What you have to do: In the records below, find the line containing "This is a beautiful" and transcribe it and every line after it exactly; leave the pictures out.

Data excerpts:
-*-

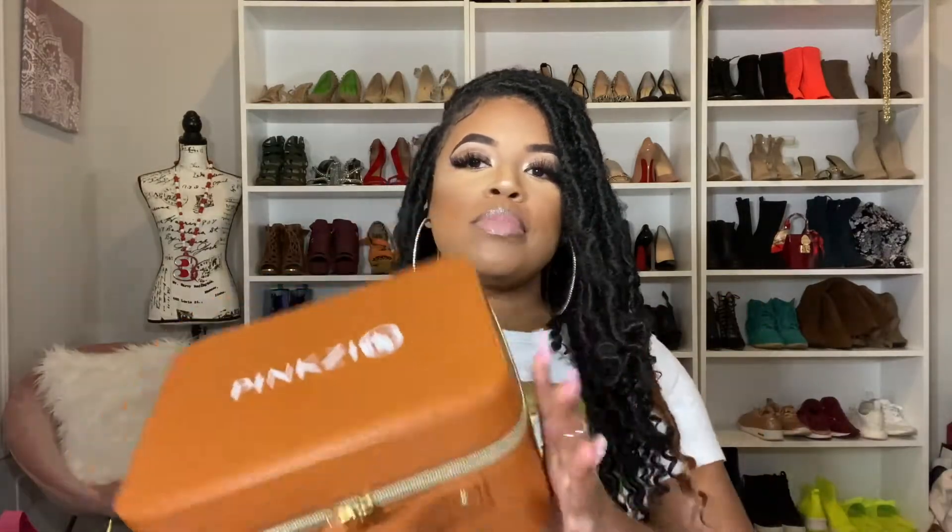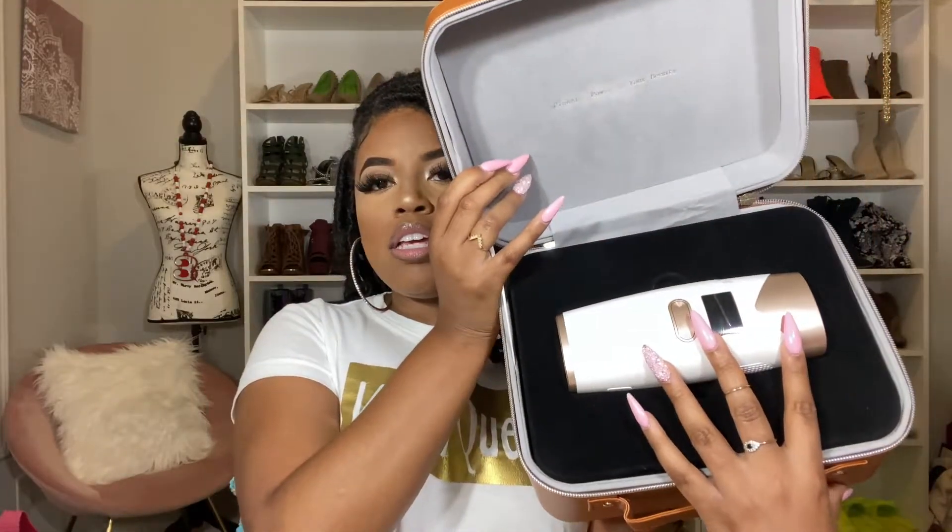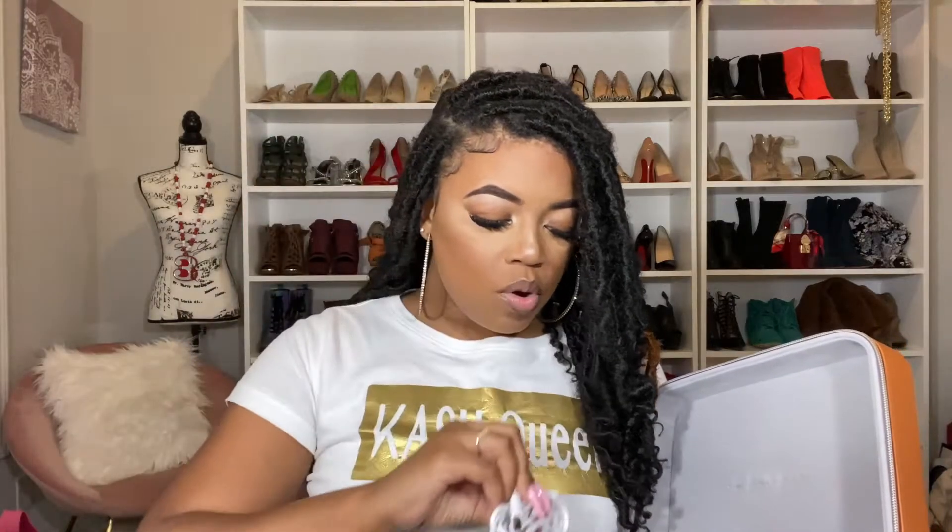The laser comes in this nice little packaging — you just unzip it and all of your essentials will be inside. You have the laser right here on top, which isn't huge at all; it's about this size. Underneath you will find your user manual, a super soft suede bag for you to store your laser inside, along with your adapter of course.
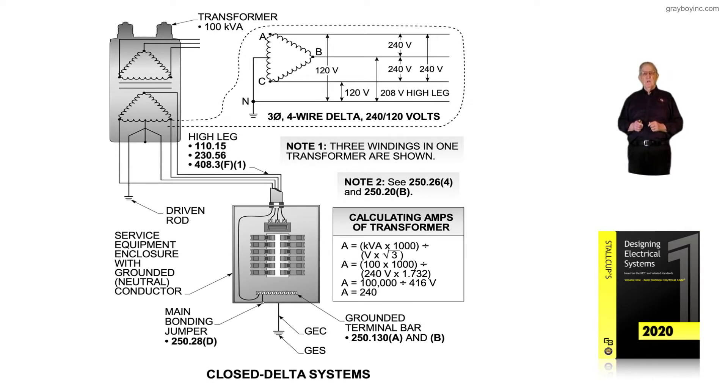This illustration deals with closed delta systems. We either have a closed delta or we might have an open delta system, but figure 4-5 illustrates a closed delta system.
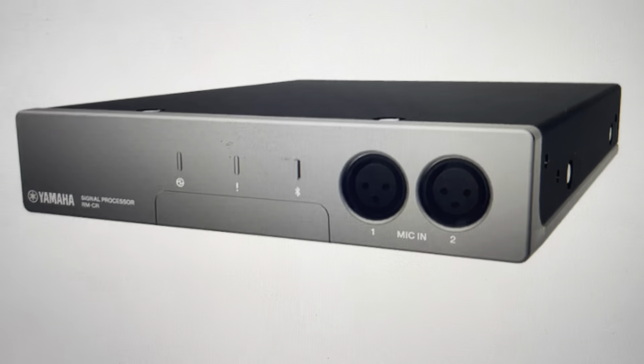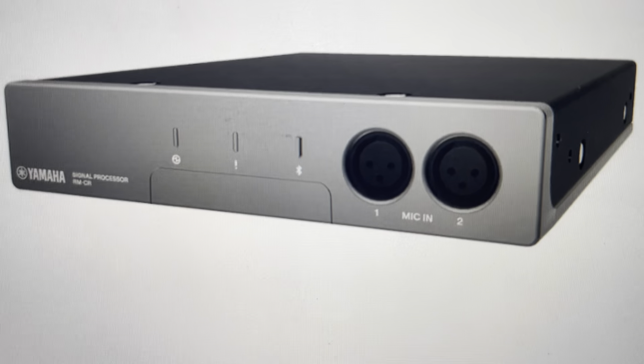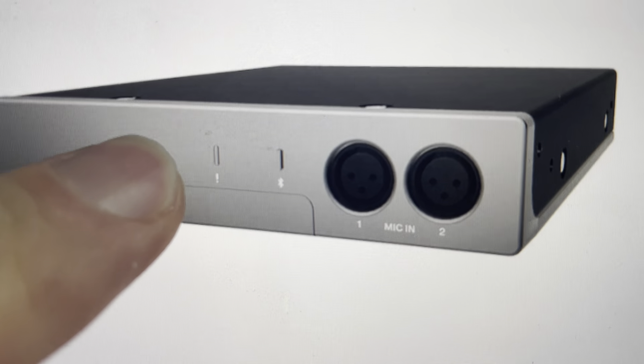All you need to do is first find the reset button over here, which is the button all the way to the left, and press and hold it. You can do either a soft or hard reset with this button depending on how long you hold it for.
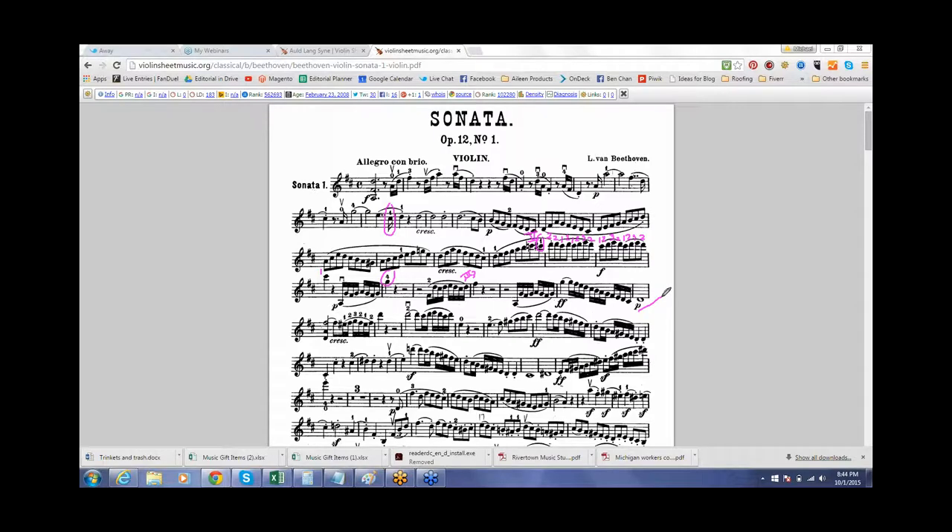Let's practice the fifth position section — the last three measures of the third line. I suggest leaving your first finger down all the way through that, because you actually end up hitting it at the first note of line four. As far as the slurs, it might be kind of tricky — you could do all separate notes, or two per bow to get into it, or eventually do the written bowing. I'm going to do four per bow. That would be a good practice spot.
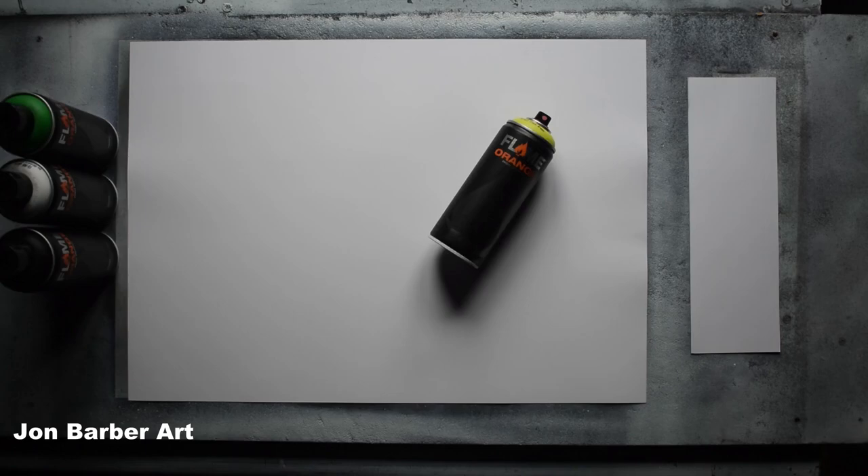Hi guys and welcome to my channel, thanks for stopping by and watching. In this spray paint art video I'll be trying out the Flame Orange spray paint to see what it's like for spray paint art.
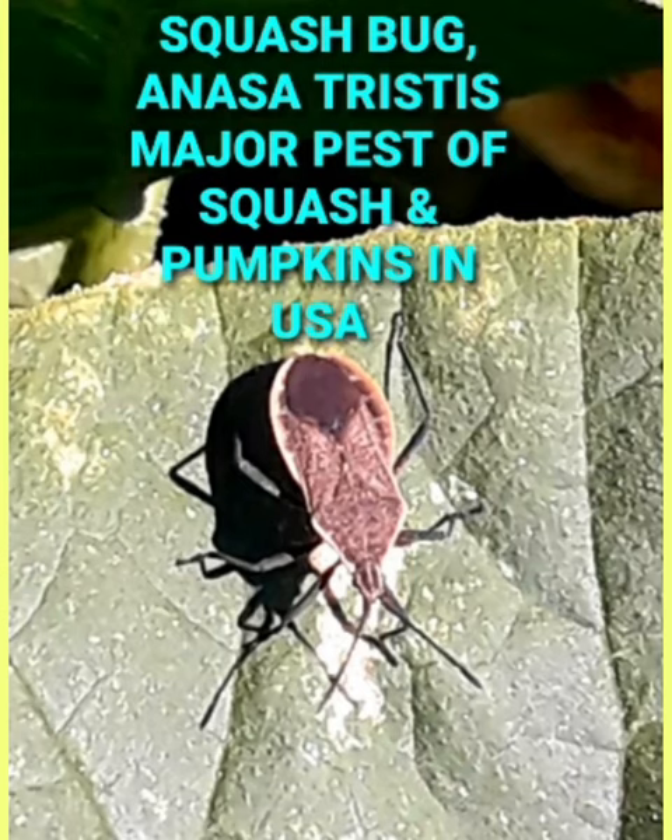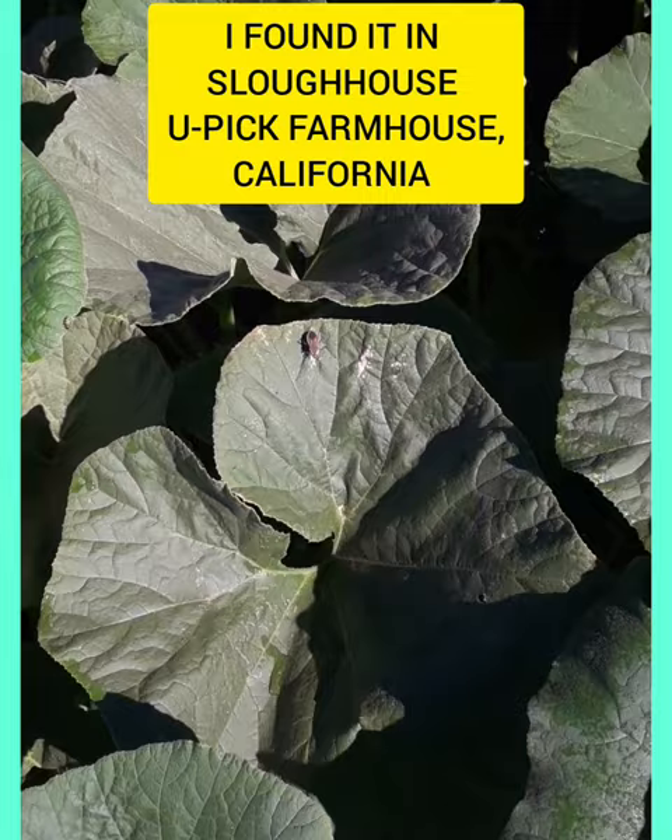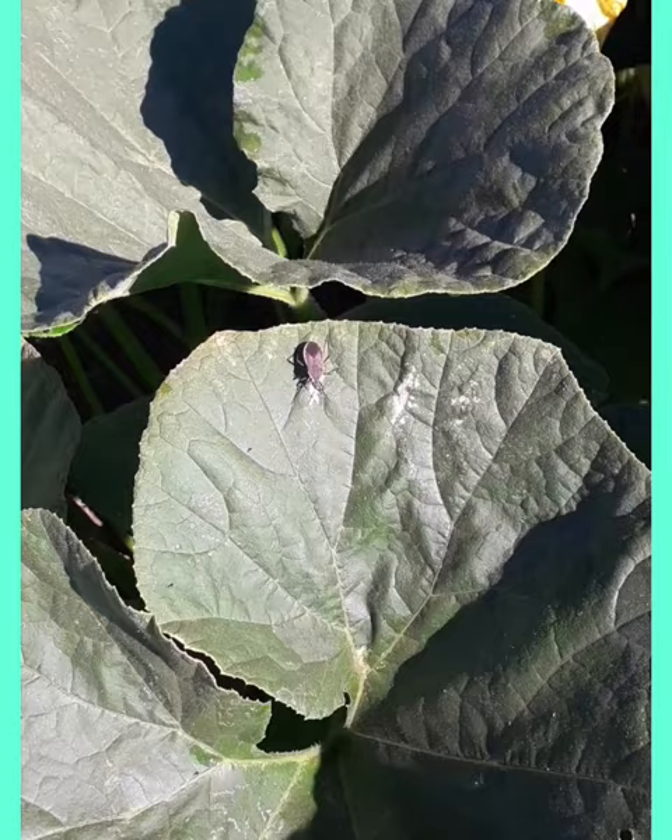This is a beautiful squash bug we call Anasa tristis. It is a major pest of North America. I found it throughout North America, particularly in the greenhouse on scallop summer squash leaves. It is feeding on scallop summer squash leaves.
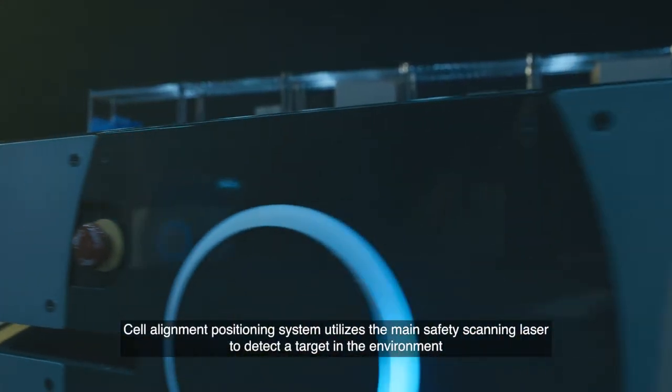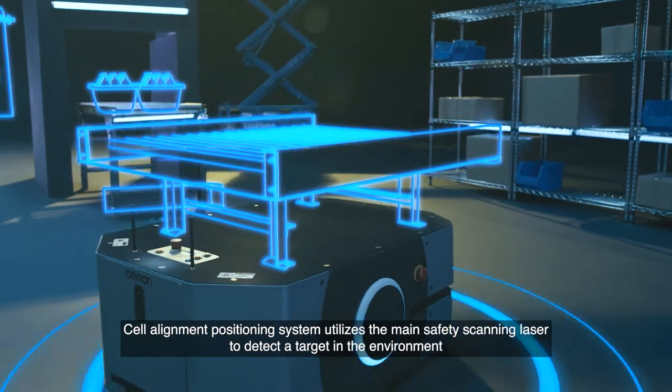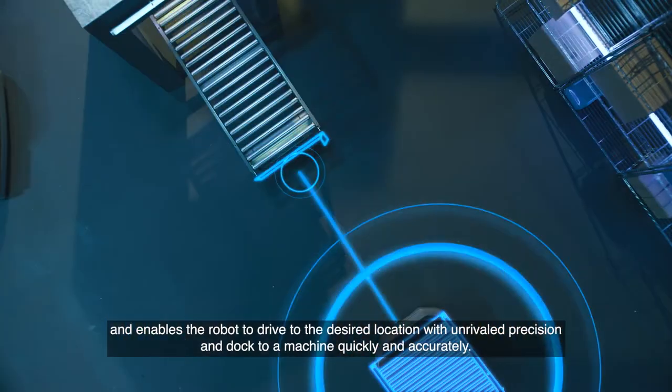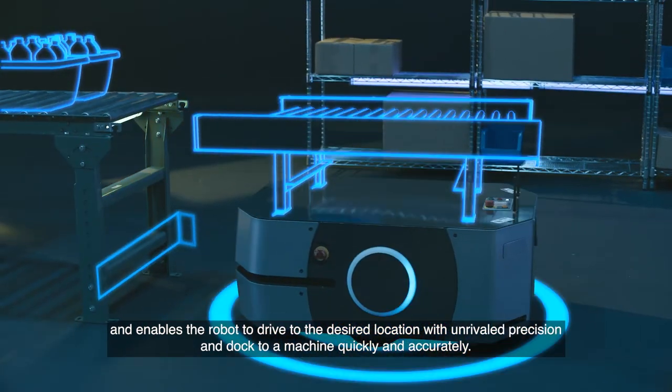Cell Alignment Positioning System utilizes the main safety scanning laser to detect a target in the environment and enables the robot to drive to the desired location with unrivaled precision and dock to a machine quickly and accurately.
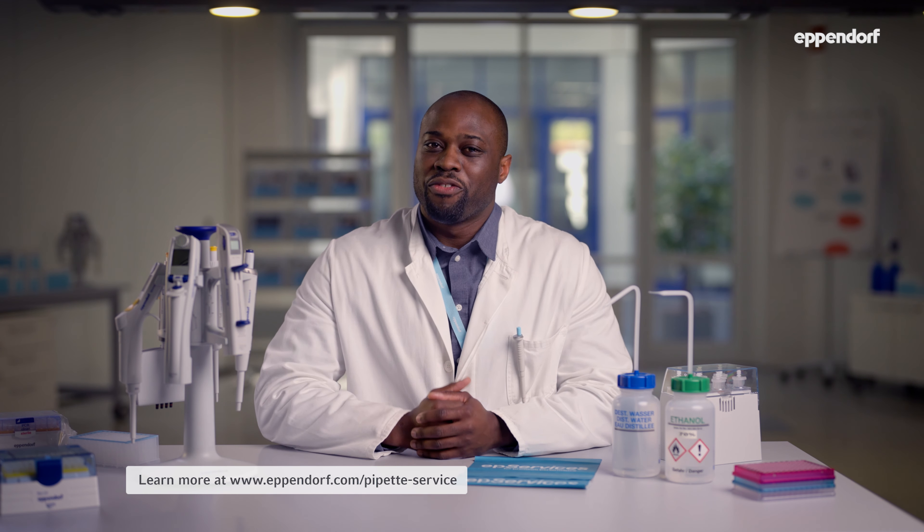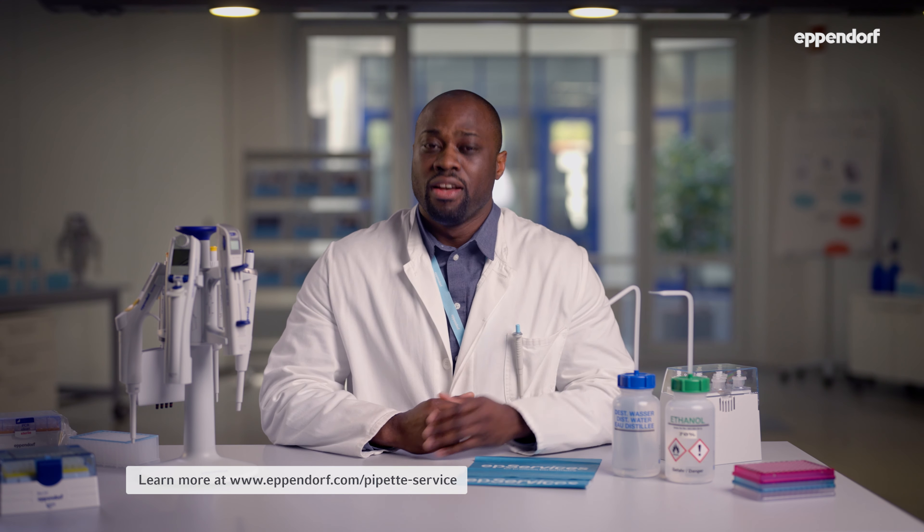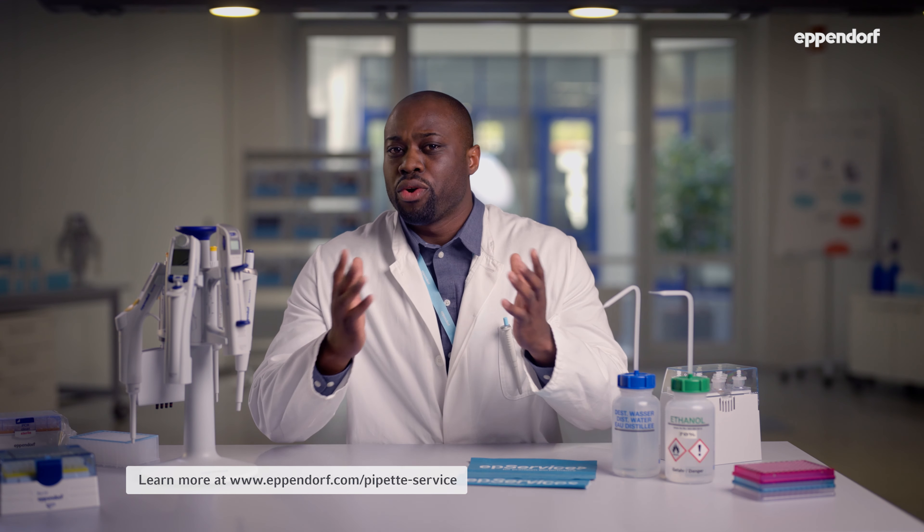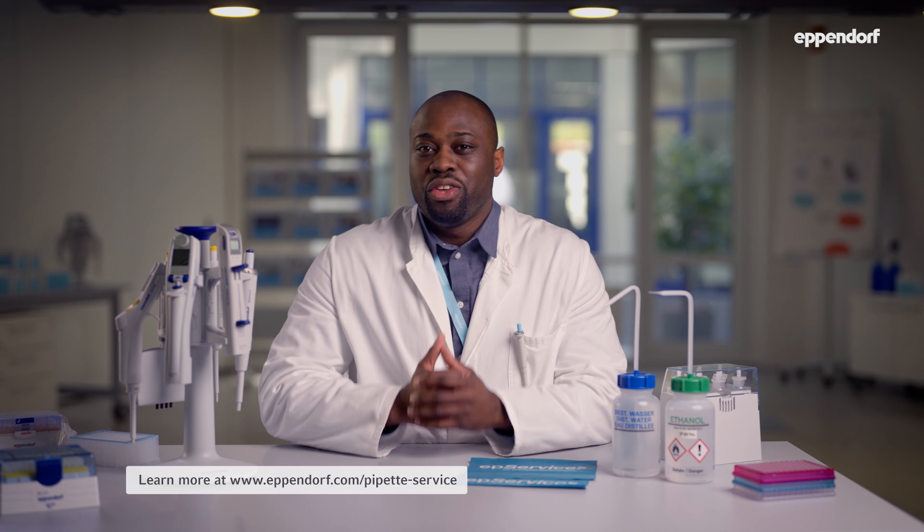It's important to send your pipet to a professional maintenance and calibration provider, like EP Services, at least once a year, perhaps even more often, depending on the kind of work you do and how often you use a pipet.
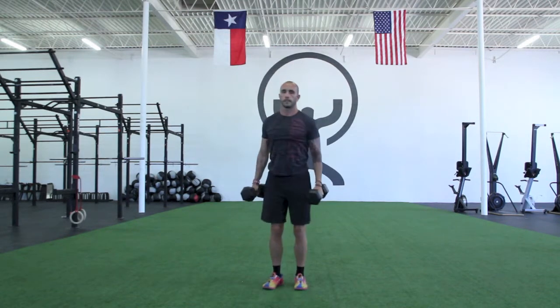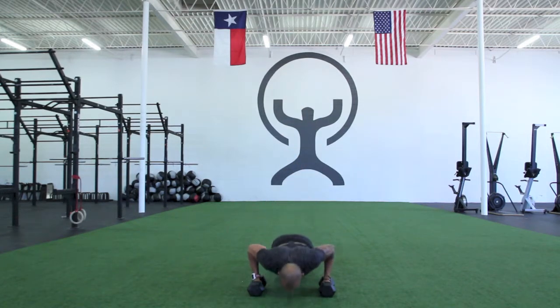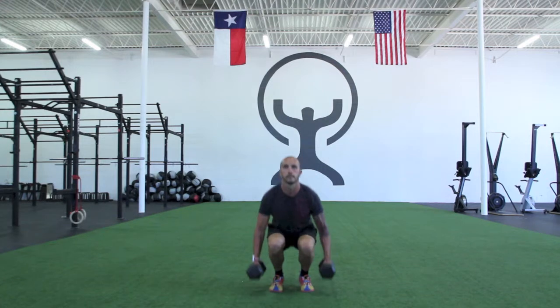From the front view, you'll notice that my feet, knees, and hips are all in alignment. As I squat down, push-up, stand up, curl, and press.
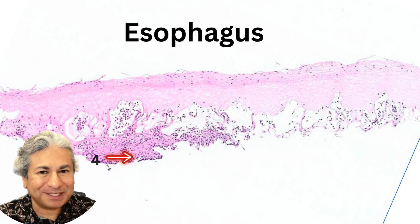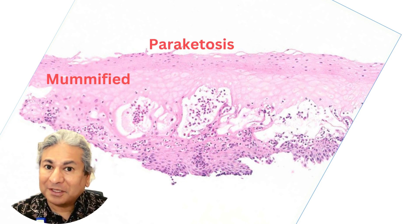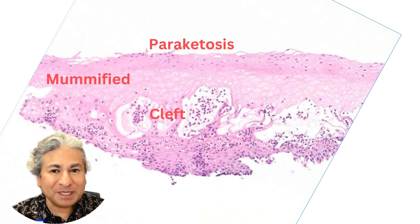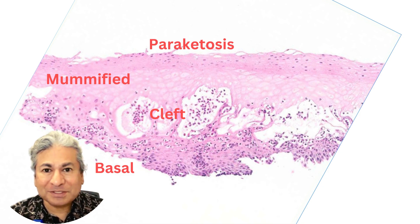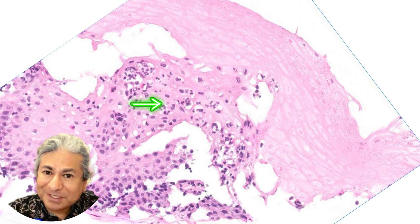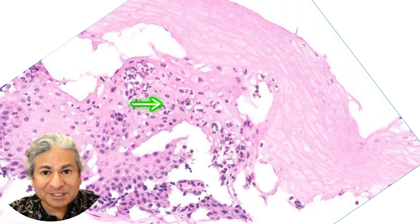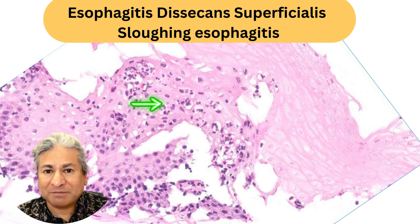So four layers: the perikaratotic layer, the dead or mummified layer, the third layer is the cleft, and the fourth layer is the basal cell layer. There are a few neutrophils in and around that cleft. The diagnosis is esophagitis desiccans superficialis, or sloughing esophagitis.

-*-

Answer area:
This is a beautiful squash bug we call Anasa tristis. It is a major pest of North America. I found it throughout North America, particularly in the greenhouse on scallop summer squash leaves. It is feeding on scallop summer squash leaves.
Cell Alignment Positioning System utilizes the main safety scanning laser to detect a target in the environment and enables the robot to drive to the desired location with unrivaled precision and dock to a machine quickly and accurately.
It's important to send your pipet to a professional maintenance and calibration provider, like EP Services, at least once a year, perhaps even more often, depending on the kind of work you do and how often you use a pipet.
From the front view, you'll notice that my feet, knees, and hips are all in alignment. As I squat down, push-up, stand up, curl, and press.
So four layers: the perikaratotic layer, the dead or mummified layer, the third layer is the cleft, and the fourth layer is the basal cell layer. There are a few neutrophils in and around that cleft. The diagnosis is esophagitis desiccans superficialis, or sloughing esophagitis.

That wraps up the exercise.